##### GIVEN RECORDS
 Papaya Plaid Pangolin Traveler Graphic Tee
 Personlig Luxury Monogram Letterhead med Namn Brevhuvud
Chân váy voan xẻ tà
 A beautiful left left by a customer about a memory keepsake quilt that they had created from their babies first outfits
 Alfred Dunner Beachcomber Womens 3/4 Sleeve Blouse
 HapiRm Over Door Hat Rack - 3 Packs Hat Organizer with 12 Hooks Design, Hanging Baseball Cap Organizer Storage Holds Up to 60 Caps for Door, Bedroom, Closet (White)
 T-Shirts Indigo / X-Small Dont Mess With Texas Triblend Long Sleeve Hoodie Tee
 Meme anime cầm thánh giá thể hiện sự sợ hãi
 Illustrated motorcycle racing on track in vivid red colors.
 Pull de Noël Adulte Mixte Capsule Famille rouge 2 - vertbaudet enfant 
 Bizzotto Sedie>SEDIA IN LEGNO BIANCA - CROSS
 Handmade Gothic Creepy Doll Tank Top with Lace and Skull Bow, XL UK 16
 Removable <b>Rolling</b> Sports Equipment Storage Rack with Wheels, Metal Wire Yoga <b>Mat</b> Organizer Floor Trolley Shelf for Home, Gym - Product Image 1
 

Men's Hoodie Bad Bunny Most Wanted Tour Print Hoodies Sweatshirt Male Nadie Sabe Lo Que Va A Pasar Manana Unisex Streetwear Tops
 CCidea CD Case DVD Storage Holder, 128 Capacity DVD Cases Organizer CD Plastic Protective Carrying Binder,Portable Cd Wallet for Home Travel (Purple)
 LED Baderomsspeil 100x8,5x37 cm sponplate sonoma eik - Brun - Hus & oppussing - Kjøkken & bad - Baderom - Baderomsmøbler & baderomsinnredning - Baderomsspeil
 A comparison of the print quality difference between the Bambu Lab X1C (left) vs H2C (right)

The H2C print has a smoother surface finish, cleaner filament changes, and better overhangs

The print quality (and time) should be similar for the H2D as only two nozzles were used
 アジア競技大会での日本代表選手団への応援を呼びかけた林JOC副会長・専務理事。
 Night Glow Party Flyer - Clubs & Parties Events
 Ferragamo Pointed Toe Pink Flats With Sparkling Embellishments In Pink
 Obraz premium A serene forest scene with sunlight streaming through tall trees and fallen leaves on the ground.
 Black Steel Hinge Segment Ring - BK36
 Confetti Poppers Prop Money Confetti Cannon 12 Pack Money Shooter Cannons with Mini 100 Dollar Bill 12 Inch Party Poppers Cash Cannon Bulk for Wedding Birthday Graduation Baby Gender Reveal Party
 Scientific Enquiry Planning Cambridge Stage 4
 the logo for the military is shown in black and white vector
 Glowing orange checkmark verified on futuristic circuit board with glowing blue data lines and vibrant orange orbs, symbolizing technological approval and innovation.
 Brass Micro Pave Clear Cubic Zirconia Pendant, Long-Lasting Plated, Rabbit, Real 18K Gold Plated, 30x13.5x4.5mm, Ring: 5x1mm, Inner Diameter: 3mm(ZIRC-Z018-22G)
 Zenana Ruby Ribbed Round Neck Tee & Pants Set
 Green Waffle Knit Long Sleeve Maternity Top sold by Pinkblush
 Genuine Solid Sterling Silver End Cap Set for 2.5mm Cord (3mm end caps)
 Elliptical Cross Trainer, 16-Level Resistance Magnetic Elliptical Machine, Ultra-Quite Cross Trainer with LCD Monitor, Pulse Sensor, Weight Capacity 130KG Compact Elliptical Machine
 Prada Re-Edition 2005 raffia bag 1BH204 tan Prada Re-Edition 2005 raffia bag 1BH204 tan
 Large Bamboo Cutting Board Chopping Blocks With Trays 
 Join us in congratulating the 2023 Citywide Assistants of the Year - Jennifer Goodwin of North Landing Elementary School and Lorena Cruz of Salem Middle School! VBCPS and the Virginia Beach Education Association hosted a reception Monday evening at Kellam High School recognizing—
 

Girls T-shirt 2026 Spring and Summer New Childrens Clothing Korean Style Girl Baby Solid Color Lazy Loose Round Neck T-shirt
##########
- EXERCISE INSTRUCTIONS: Beginning with the very first line of the records above, please retype each line through the one that has "Bizzotto Sedie>SEDIA IN LEGNO BIANCA - CROSS", and add nothing.

- WORKED SOLUTION:
 Papaya Plaid Pangolin Traveler Graphic Tee
 Personlig Luxury Monogram Letterhead med Namn Brevhuvud
Chân váy voan xẻ tà
 A beautiful left left by a customer about a memory keepsake quilt that they had created from their babies first outfits
 Alfred Dunner Beachcomber Womens 3/4 Sleeve Blouse
 HapiRm Over Door Hat Rack - 3 Packs Hat Organizer with 12 Hooks Design, Hanging Baseball Cap Organizer Storage Holds Up to 60 Caps for Door, Bedroom, Closet (White)
 T-Shirts Indigo / X-Small Dont Mess With Texas Triblend Long Sleeve Hoodie Tee
 Meme anime cầm thánh giá thể hiện sự sợ hãi
 Illustrated motorcycle racing on track in vivid red colors.
 Pull de Noël Adulte Mixte Capsule Famille rouge 2 - vertbaudet enfant 
 Bizzotto Sedie>SEDIA IN LEGNO BIANCA - CROSS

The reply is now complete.